Along Franklin Street, much of 311`s frontage is simply given over to a fast-food restaurant whose franchised garishness of appearance was toned down to an acceptable level. One must explore the whole base of 311 to understand why the simple Franklin Street treatment makes sense, but it does.
Yet by far the most praiseworthy element of 311 is its spectacular winter garden, a low, 12,000-square-foot building spliced onto the front of the skyscraper and intended to interconnect the proposed triad of towers on the block.
Winter gardens sheltering treasured plants from the cold date back to antiquity. They became particularly popular during the Renaissance, when explorers from colonial powers began bringing home oranges, pomegranates and exotic flowers. By the mid-19th Century, the technology of building with metal and glass made possible such creations as Joseph Paxton`s enormous Crystal Palace in England.
At 311, real estate developers elected to make their winter garden one word and to capitalize it, a proprietary step that gives it more than generic identity. It seems safe to declare that the resulting Wintergarden is Chicago`s handsomest, cheeriest, most glittering indoor space of recent decades dedicated essentially to eating, gawking and kindred pursuits of pleasure.
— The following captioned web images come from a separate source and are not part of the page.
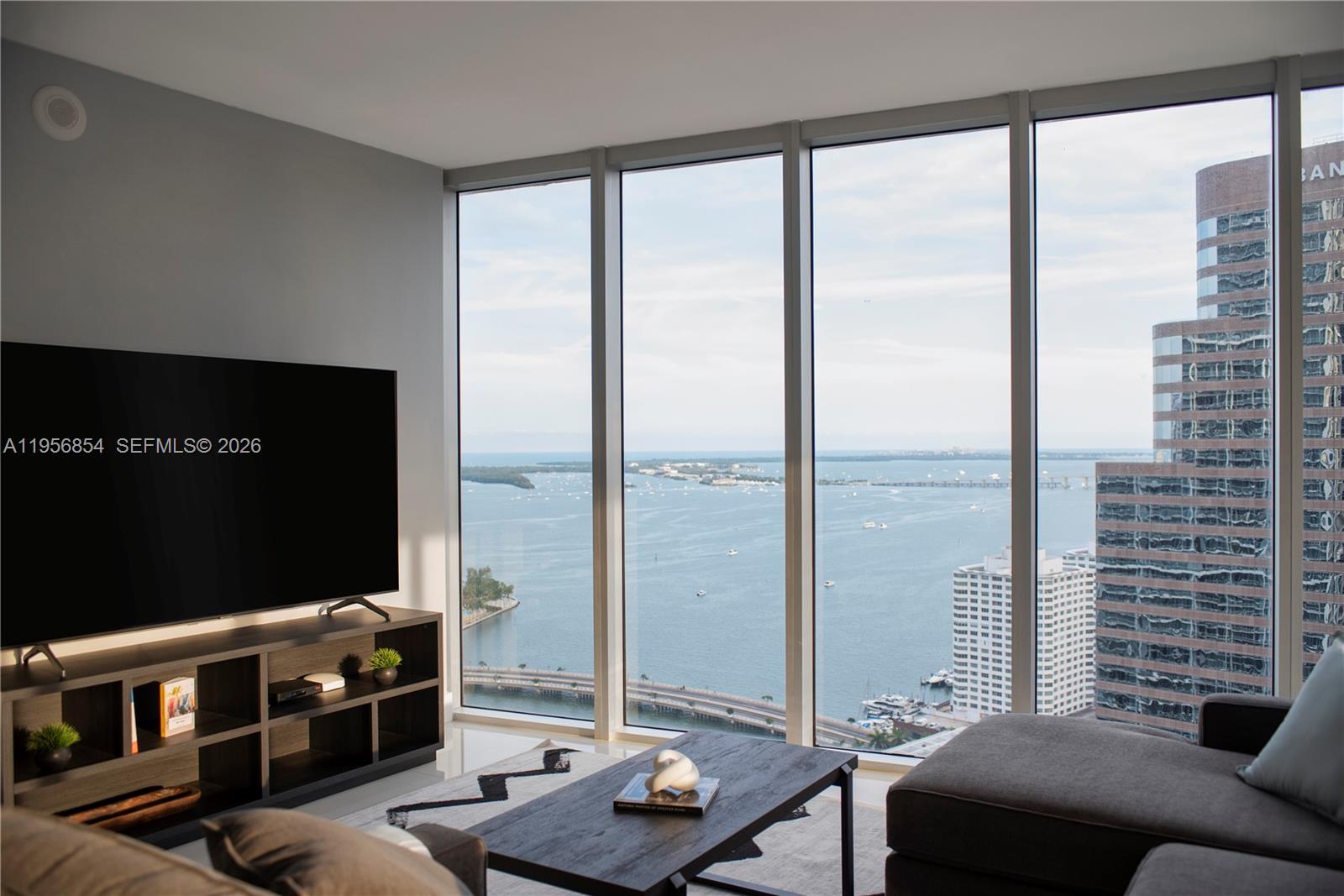 In the heart of Brickell’s waterfront district, steps from Brickell City Centre and Mary Brickell Village. ICON Brickell Tower 3 is a Philippe Starck-designed, full-service condo-hotel on the Biscayne Bay/Miami River with resort-style amenities including a 300-ft pool, spa & 28,000 SF fitness center. Ideal as a primary residence, second home, or flexible income property with short-term rental options. Residence 3208 is a bright corner home with floor-to-ceiling glass framing Biscayne Bay and skyline views, plus a private balcony. Open living and dining flow to the view. Modern kitchen features warm wood cabinetry, sleek black countertops, panel-ready refrigerator, and built-in microwave/oven. Spacious bedroom with bay views. Spa-style bath with double vessel sinks, soaking tub, and glass-enclosed shower.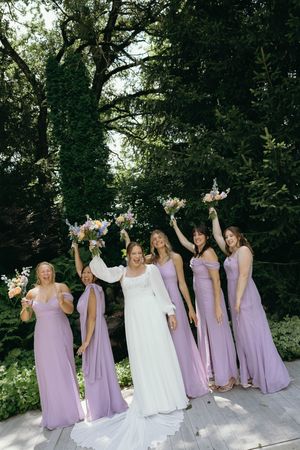 A group of bridesmaids in lilac purple dresses and a bride in white celebrate joyfully together in an outdoor garden setting.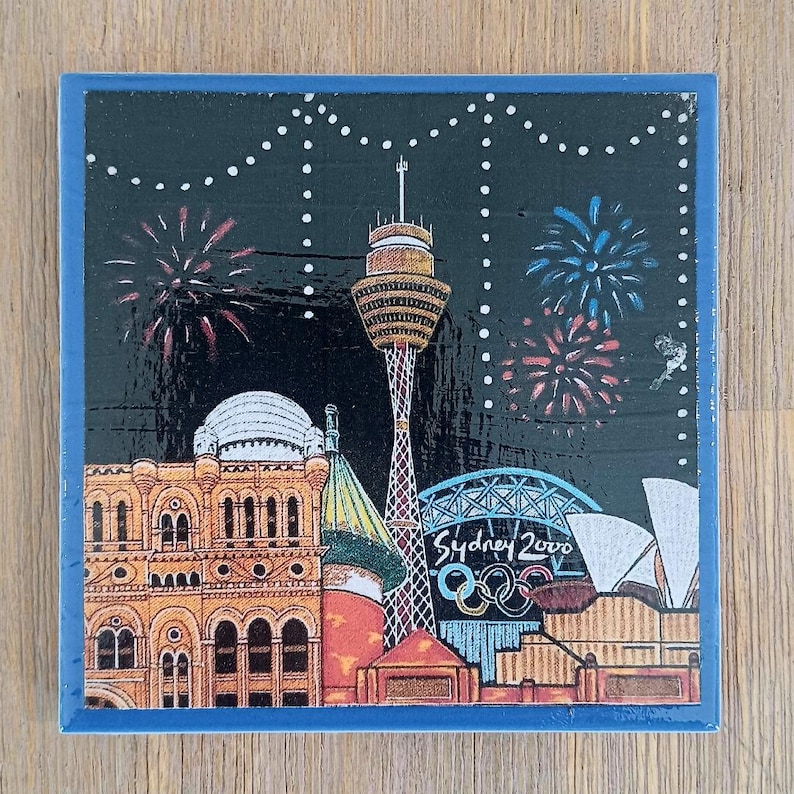 May include: A square decorative tile featuring a nighttime illustration of the Sydney skyline with the Sydney Tower, the Opera House, and the Sydney 2000 Olympic logo. The scene includes colorful fireworks against a black sky with white string lights.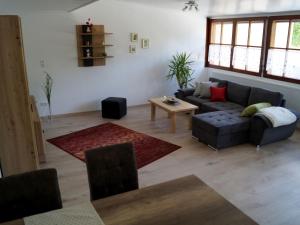 uma sala de estar com um sofá e uma mesa em Ferienwohnung Hegauliebe em Tengen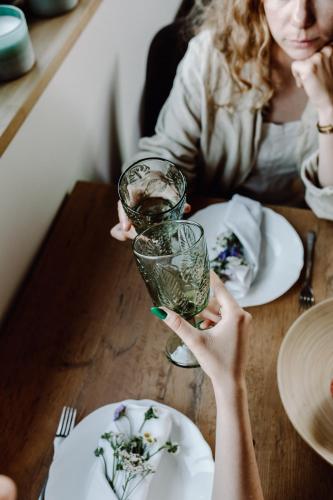 a woman holding up a glass on a table at Regielskie Chaty in Regiel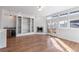 Sunlit living room with hardwood floors and built-in shelving at 63 Harrison St, Denver, CO 80206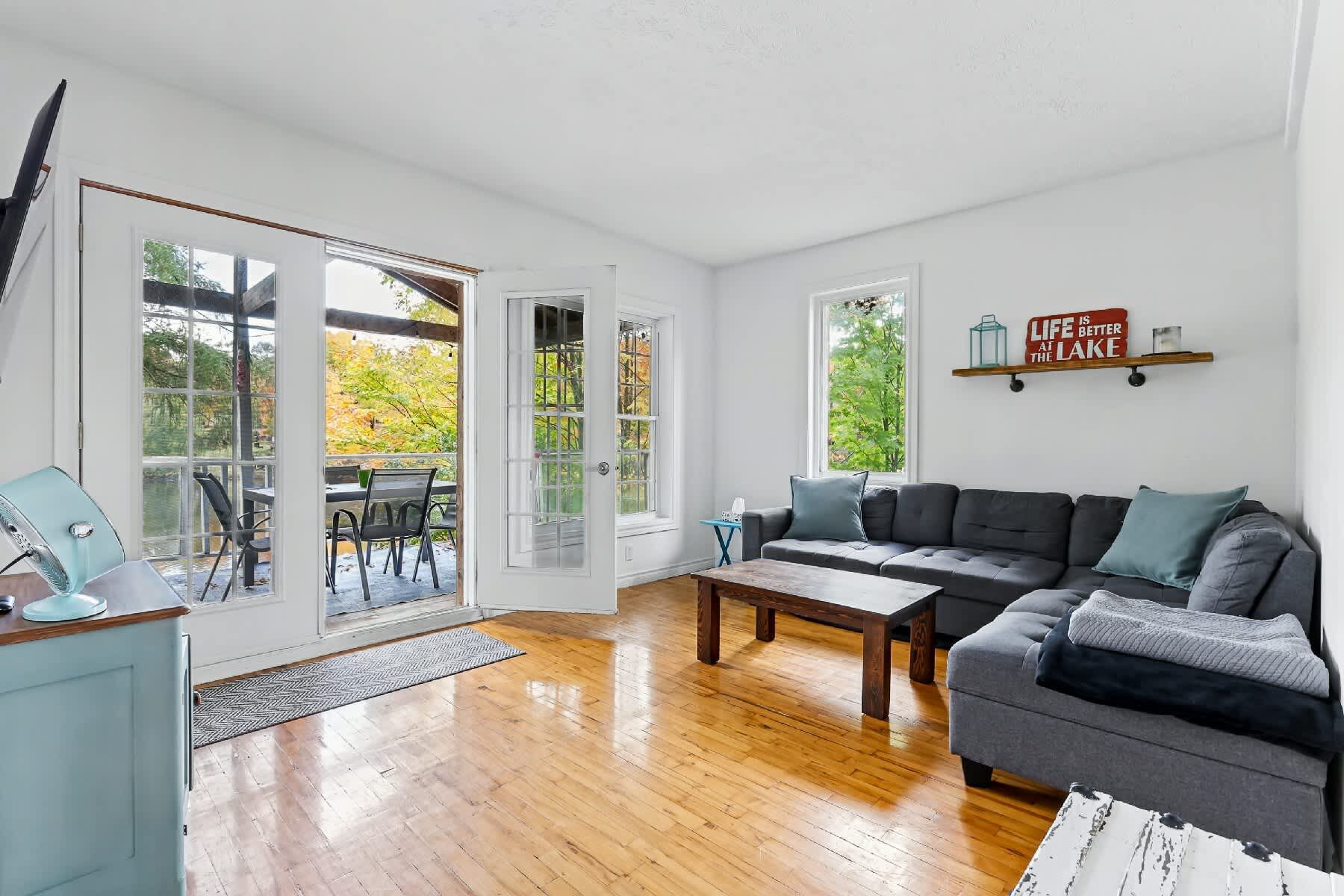 A spacious living room with a grey sofa, wooden coffee table, and a dining area with chairs and a table.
The 85-foot-tall structure is a finely executed composition of white-painted steel, glass, marble and granite. Its sets of paired columns support a transparent barrel vault, the details of whose framework are recollective of old European conservatories. On brightly sunlighted days, the space sparkles.
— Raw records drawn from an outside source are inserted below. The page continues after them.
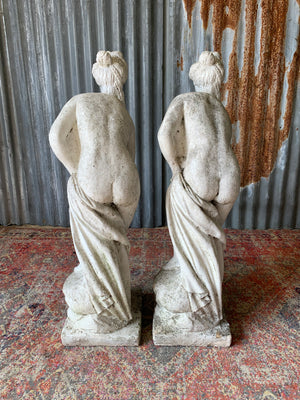 A pair of cast stone Pandora statues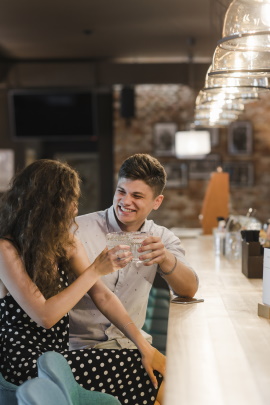 Mann und Frau stoßen mit Drinks an der Bartheke an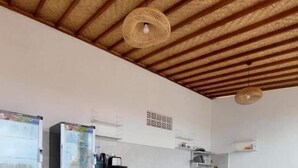 A kitchen with a white countertop, two refrigerators, gas cylinders, a white chair, and a woven ceiling light fixture. - les chalets pecatu (Pecatu)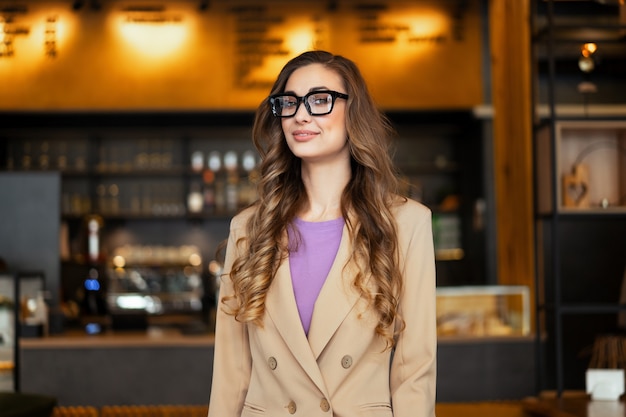 Donna d'affari proprietario del ristorante vestito elegante pantalone in piedi nel ristorante con bancone bar sfondo femmina caucasica occhiali persona d'affari indoor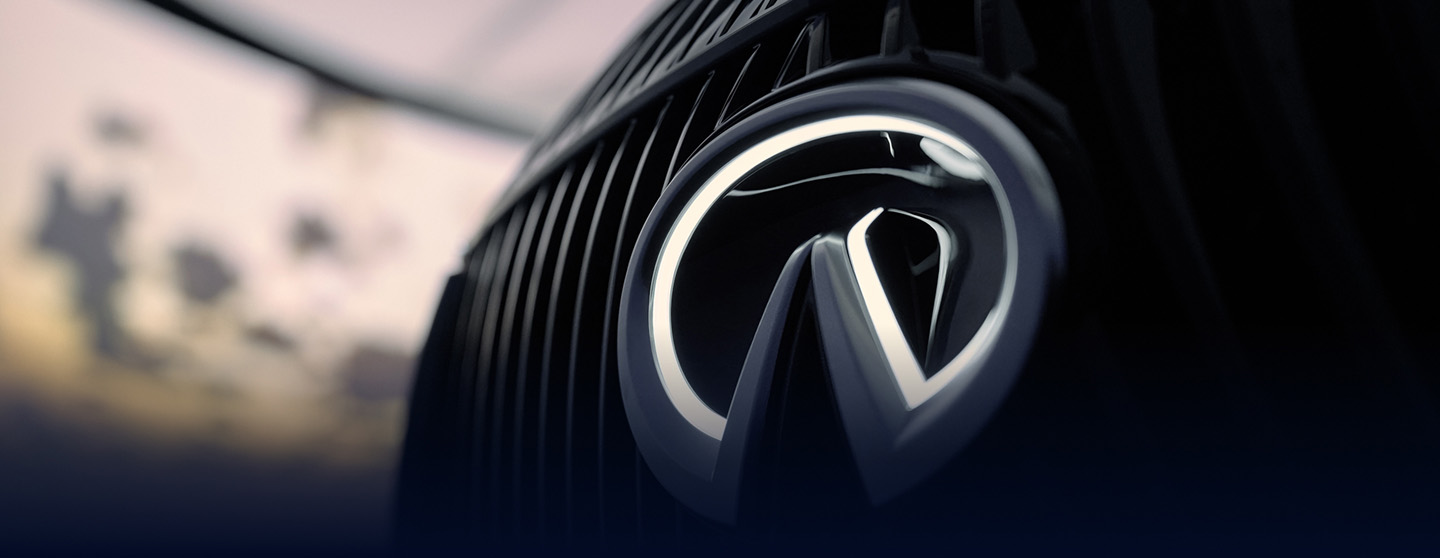 2026 INFINITI QX80 closeup of INFINITI emblem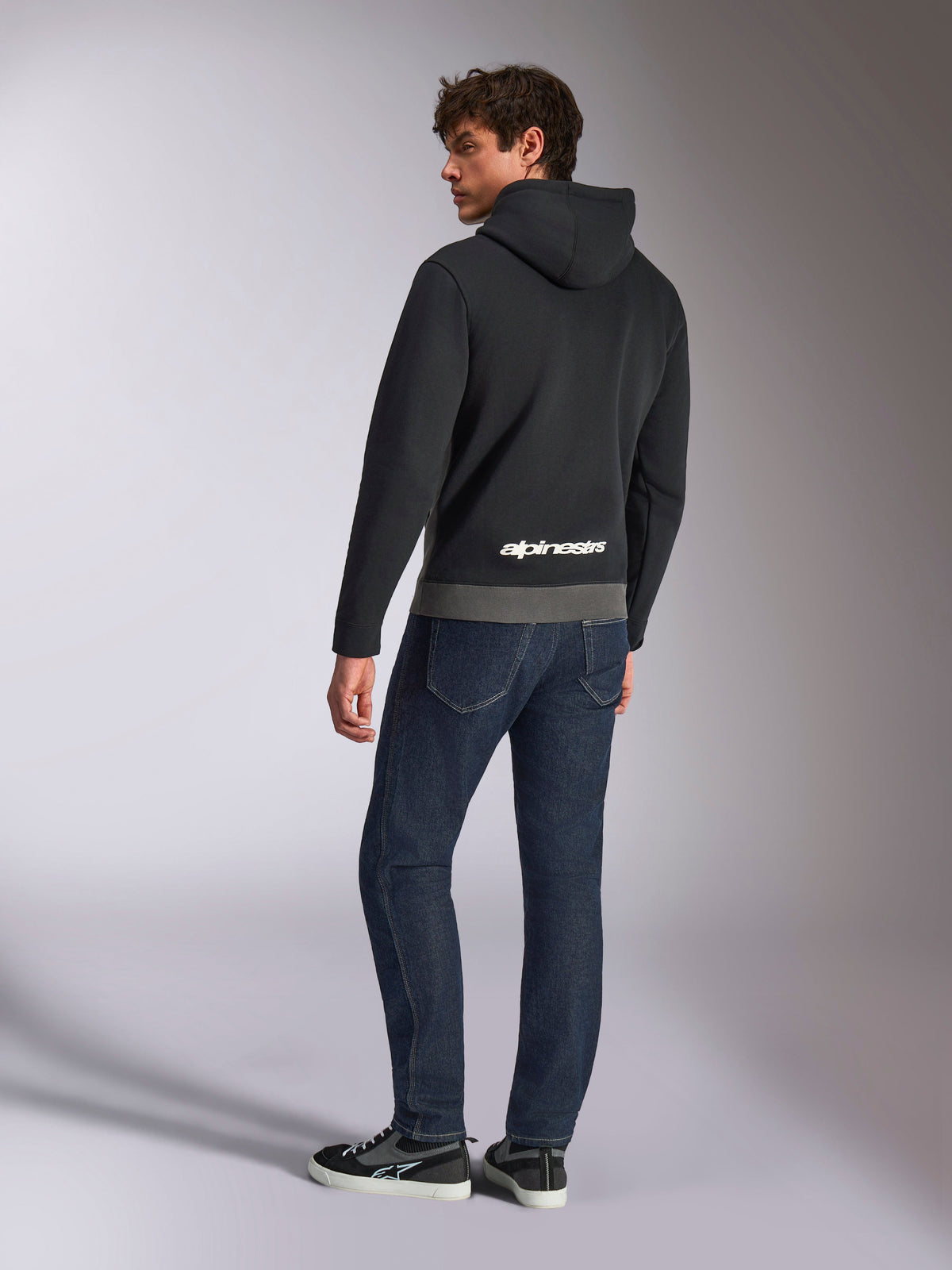 Alpinestars Parallel Hoodie, rear view of model wearing the black and gunmetal gray pullover, featuring white Alpinestars logo on the lower back, styled with dark blue jeans, casual motorsport-inspired streetwear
Rising from the lower of the Wintergarden`s two levels are eight 40-foot palm trees of the real-but-embalmed variety that seems to have suddenly become popular. At the same level are clusters of tables and chairs, a few of them reserved for patrons of a white tablecloth restaurant that adjoins the garden but is largely in a conventional opaque-ceilinged space of its own. Even more tables-at which lunchtime brown baggers are welcome-are in a pair of nearby shop-lined arcades.
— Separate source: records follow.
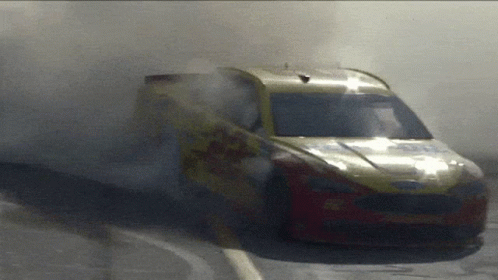 A Yellow And Red Race Car With Smoke Coming Out Of The Windshield GIF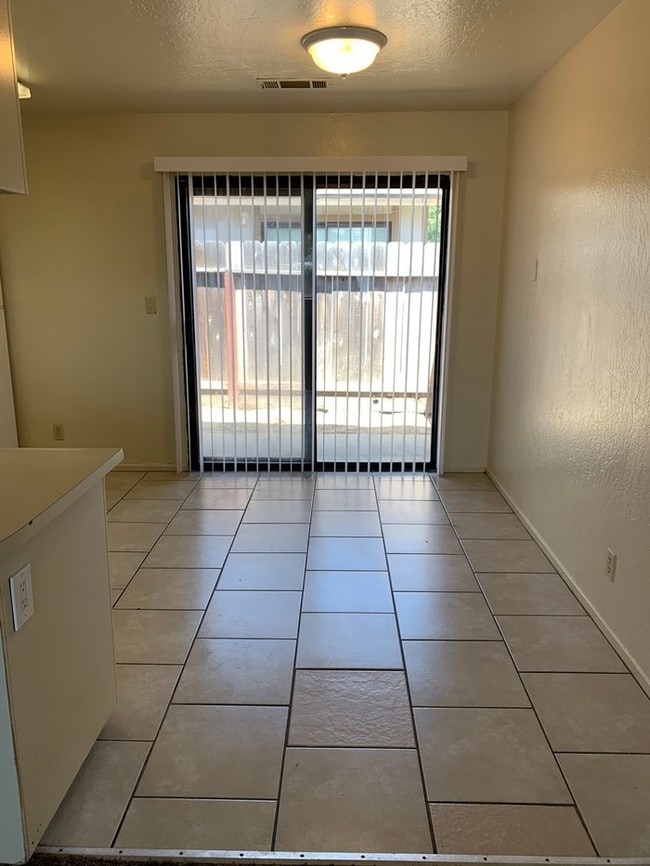 Building Photo - Corner unit available in Armona!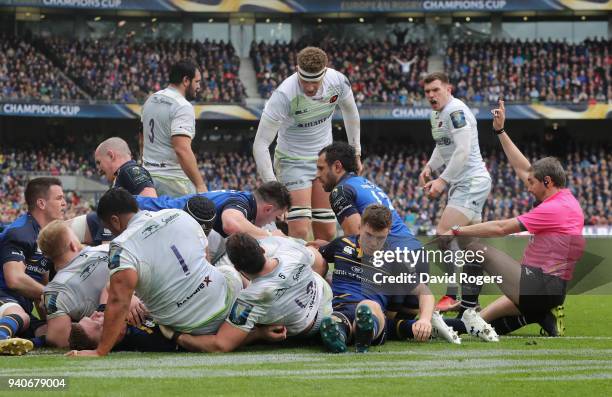 Jerome Garces, the referee awards a try to Blair Cowan of Saracens during the European Rugby Champions Cup quarter final match between Leinster Rugby...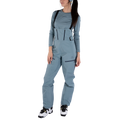 A woman wearing the La Sportiva Sender GTX Performance Bib Pants for women, styled with a blue-gray long-sleeve shirt, black-strap details, white sneakers with black accents, and a matching headband, stands against a plain white background.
Yet the true focal point of the Wintergarden is ”Gem of the Lakes,” a bronze sculpture to which a vigorously churning fountain and stepped water basins are integral. It is the most pleasing site-specific art work wedded to the interior of a major Chicago building for many years.
Washington, D.C., artist Raymond Kaskey, who studied architecture at Yale, created ”Gem.” His earlier work includes ”Portlandia,” a popular sculpture that graces an otherwise boring Michael Graves building in Portland, Ore. Kaskey also designed and crafted architectural ornaments for Chicago`s new main library opening this fall on State Street.
While it is an original work of specific metaphorical intentions focusing on Chicago, ”Gem” will nonetheless evoke in many viewers a vision of Paul Manship`s famous ”Prometheus” sculpture in Rockefeller Plaza and perhaps even a subliminal take on Botticelli`s ”Birth of Venus.”
In any case, Kaskey`s 24-foot-tall figure of a bearded but robust old man kneeling above a huge water-deluged shell is an understandable, populist sort of work that is surely drawing admiration. One does not require a fine arts degree to tell a neighbor about it over the back fence.
It is no mere carping to observe that the glittering Wintergarden, filled with the sound of the fountain and looking quite smashing, nonetheless projects an ambiguous but vaguely intimidating quality common to shopping malls and other privately controlled ”public” spaces these days. The walkie talkie-toting security people who patrol such places preemptively veto any activity perceived as outside the bounds of normalcy. If you want to wear an apocalyptical sandwich board, you will have to go someplace like the Daley Civic Center.
Still, the urge to Disney-ize everything is a social aberration one can hardly blame on architects, and the Wintergarden at 311 and its ”Gem of the Lakes” is still one of the loveliest new sights in downtown Chicago. Put it on your sightseeing list even if you share the detestation of 311`s blazingly bright summit.